:: WORK TO COMPLETE ::
Go to the line that includes "PMseriesラックは、オンラインのHF UPSをマウント" and retype it, then every line after it to the end of the data, adding nothing.

:: DATA RECORDS ::
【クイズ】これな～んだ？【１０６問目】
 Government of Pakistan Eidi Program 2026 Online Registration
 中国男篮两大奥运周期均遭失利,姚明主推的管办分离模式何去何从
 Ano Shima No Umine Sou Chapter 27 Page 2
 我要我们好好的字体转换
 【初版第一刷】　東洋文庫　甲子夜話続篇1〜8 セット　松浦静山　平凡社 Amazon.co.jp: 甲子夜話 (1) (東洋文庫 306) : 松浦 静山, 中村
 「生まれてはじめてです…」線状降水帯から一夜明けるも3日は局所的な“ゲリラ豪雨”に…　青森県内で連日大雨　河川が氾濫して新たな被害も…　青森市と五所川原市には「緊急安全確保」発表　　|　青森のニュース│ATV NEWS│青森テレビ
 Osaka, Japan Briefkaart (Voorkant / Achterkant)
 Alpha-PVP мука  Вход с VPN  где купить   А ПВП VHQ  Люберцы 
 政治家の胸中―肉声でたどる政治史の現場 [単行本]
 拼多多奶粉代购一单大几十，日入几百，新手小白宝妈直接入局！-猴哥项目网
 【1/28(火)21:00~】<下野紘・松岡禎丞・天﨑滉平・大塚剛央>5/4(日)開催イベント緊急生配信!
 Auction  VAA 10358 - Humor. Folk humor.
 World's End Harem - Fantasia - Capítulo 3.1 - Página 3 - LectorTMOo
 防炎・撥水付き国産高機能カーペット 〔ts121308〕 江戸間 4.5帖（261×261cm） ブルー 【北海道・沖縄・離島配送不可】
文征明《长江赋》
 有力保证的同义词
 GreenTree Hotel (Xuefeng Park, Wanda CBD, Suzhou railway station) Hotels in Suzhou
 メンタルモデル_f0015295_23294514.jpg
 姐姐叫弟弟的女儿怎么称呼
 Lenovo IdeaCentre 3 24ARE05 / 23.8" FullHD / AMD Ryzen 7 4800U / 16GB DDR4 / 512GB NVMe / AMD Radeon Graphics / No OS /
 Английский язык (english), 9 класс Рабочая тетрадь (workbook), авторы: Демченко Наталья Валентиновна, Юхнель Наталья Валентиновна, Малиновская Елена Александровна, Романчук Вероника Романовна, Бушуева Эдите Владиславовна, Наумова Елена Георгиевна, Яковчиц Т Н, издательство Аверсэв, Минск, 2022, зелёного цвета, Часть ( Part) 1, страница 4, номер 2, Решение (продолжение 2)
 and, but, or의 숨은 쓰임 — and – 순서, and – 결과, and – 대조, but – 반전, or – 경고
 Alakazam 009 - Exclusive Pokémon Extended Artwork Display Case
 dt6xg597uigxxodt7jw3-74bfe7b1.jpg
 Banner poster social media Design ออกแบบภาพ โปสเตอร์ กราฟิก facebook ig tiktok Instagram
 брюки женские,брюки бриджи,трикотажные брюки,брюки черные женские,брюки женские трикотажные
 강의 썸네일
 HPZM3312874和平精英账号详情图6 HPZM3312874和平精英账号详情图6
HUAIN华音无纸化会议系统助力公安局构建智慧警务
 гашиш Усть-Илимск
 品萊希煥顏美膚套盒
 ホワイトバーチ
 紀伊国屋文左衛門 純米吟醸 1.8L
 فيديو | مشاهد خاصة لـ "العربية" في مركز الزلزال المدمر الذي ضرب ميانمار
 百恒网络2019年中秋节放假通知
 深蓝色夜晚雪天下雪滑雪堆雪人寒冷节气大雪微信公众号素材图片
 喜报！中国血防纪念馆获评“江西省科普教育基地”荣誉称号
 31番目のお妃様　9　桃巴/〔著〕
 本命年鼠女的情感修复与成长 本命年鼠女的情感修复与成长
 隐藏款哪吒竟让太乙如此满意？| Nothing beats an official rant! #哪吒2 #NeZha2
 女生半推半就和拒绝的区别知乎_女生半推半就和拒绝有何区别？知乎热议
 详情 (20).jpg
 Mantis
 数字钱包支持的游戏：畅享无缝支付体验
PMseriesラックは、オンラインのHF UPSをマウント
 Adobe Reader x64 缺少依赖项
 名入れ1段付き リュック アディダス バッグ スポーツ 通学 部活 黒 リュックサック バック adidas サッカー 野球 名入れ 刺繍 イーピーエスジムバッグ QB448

:: EXERCISE RESPONSE ::
PMseriesラックは、オンラインのHF UPSをマウント
 Adobe Reader x64 缺少依赖项
 名入れ1段付き リュック アディダス バッグ スポーツ 通学 部活 黒 リュックサック バック adidas サッカー 野球 名入れ 刺繍 イーピーエスジムバッグ QB448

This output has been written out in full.